The sea blue cluster has only one neighborhood in it which is inside city region but it is only one neighborhood in the area. 
The Cyan clusters are nearly on the border of the city.


The results include 5 clusters and are of different properties and characteristics. The sea blue cluster has only one neighborhood and it is very deserted area. This area does not all the necessary facilities which makes it very weak candidate for the selection of this neighborhood. The Cyan cluster is at very end of the city which makes it very obvious for having less amenities so it is also not good for selection. The yellow cluster has very similar properties as Cyan s it is also a very bad candidate. There are two clusters remaining for the selection Red and Purple. The red cluster has no ATMs. The purple has few ATMs but is scarce in terms of Gyms and Shopping Malls. The red cluster is very scattered and purple is very dense in the area. The decision of choosing neighborhood now depends on distance, area of choice and which facilities are more important than others. For example, if Gyms and Shopping malls are more important and more frequently visited than ATMs and the person like to live in scattered area with some free space then neighborhoods from Red clusters will be more good choice over purple clusters. Then, to choose a neighborhood from the selected cluster would consist of consideration of proximity of work place. The one thing that was not considered in the discussion was number of restaurants. The reason was that there were many categories of restaurants in the City so it would clearly depend on the person to choose type of restaurant with his/her favorite food types. Here, I have considered generic restaurant category for clustering.

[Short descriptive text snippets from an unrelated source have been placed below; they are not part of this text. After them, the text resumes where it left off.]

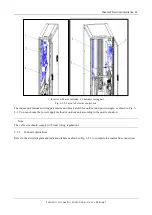 Предварительный просмотр 38 страницы KStar FocusAir ESM022 User Manual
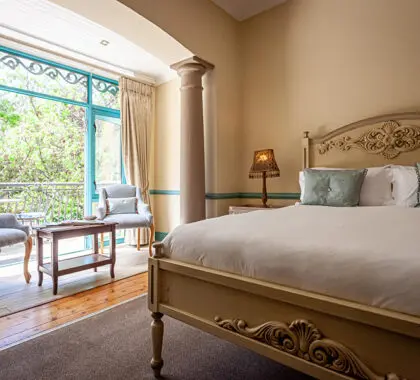 franschhoek-country-house-villas_3-standard-room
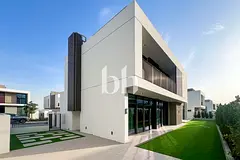 Close to Amenities | Landscaped | Type B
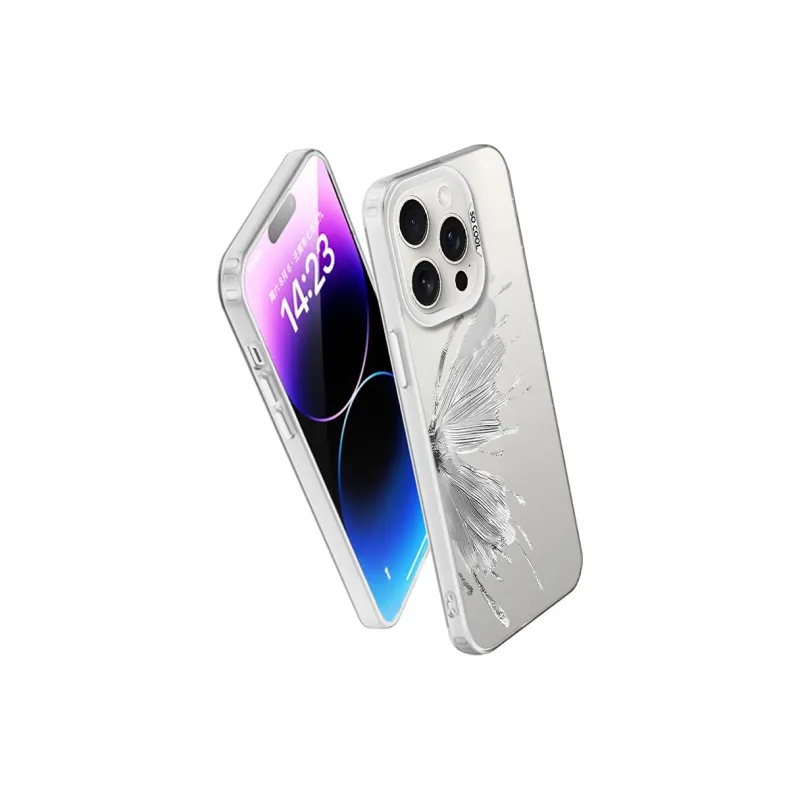 YIBAOBAO Phone Cases-17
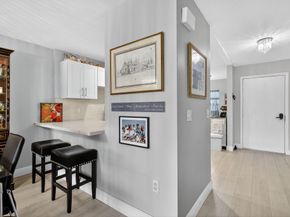 36 Southport Lane C, Boynton Beach FL 33436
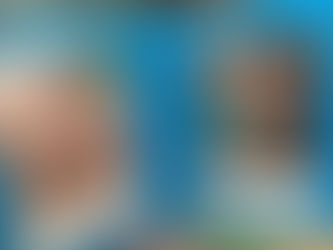 ストレスを切り替える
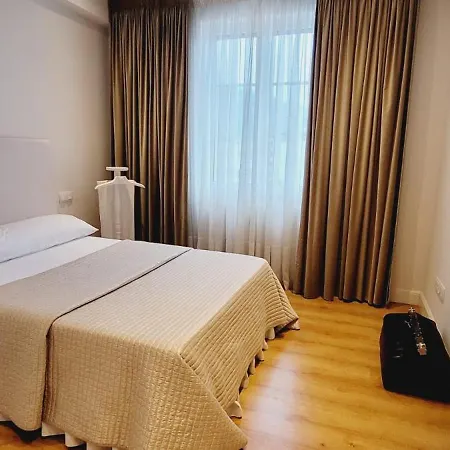 Апартаменти Premium Penthouse For 4 Adults In The Heart Of The *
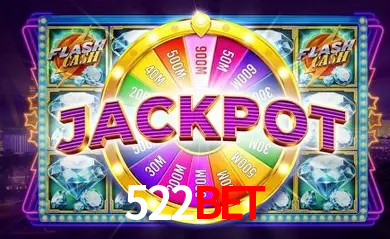 Descubra a Essência do 522bet: Nossa História e Compromissos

## Conclusion <a name="conclusion"></a>

The project overall helps person select best neighborhood to live in. The other aspect of the project may help shop owners and businessmen to determine what kind of shops would be required in the area. If a person could identify basic needs of people living in the neighborhood than one place with all those facilities can be built and would give guaranteed business. The one limitation I can identify of this approach is that some small shops in small cities may not be registered on Foursquare and it would become difficult to take them into consideration while finding best fit of neighborhood. Overall, this project would help all the stakeholders to solve the problem and get the best solution.